◆ WORK TASK:
Using the listing below, report all lines holding the word "around".
--- GIVEN INFORMATION Enclosed Below ---
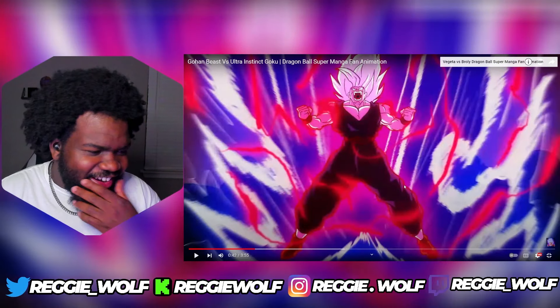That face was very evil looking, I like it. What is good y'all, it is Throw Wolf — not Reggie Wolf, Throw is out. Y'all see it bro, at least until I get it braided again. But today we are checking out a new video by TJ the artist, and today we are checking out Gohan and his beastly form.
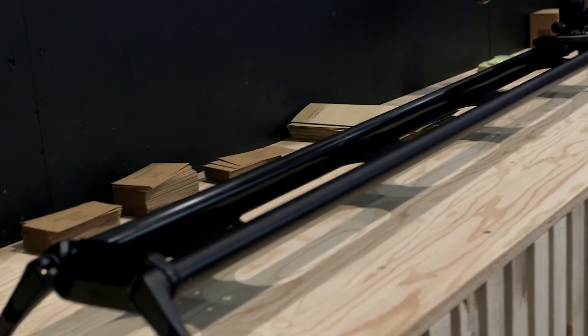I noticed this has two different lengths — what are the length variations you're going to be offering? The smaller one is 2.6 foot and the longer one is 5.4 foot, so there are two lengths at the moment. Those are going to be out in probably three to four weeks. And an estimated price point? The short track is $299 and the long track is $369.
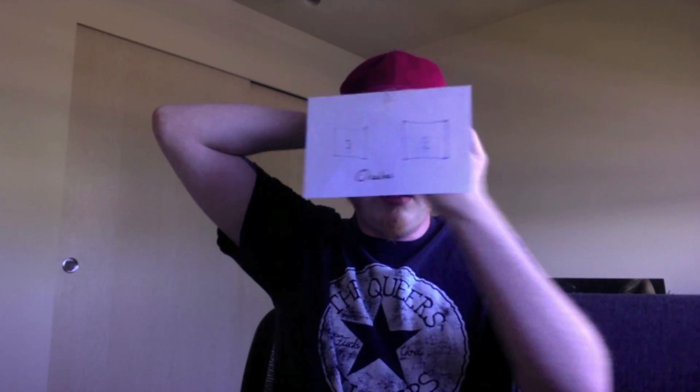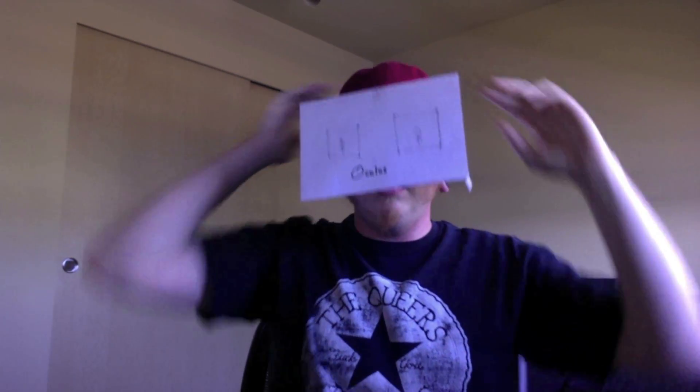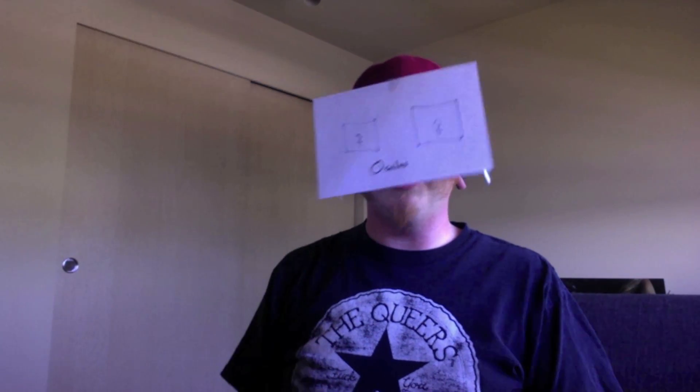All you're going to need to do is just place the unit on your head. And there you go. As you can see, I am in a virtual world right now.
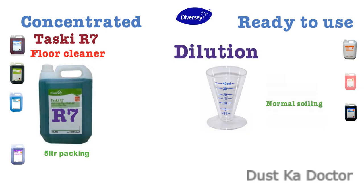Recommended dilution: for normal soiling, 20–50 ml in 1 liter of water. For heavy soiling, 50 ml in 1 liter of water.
--- End of Enclosed GIVEN INFORMATION ---
--- GIVEN INFORMATION Enclosed Below ---
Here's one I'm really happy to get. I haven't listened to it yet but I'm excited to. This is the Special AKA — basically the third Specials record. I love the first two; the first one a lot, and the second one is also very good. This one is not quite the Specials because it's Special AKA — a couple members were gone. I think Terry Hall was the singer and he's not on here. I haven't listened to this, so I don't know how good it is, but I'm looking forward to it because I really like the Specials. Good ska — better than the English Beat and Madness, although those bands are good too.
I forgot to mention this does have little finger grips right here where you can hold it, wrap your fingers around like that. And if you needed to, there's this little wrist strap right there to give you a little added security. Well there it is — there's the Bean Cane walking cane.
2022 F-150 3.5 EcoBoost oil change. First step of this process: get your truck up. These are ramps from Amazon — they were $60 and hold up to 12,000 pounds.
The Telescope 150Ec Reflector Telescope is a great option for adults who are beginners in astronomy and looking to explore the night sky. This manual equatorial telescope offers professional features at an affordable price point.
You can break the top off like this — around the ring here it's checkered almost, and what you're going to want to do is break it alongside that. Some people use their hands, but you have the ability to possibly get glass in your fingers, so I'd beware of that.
--- End of Enclosed GIVEN INFORMATION ---
--- GIVEN INFORMATION Enclosed Below ---
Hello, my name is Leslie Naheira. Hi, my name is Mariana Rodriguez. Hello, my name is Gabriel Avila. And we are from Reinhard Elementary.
--- End of Enclosed GIVEN INFORMATION ---
◆ EXPECTED ANSWER:
I forgot to mention this does have little finger grips right here where you can hold it, wrap your fingers around like that. And if you needed to, there's this little wrist strap right there to give you a little added security. Well there it is — there's the Bean Cane walking cane.
You can break the top off like this — around the ring here it's checkered almost, and what you're going to want to do is break it alongside that. Some people use their hands, but you have the ability to possibly get glass in your fingers, so I'd beware of that.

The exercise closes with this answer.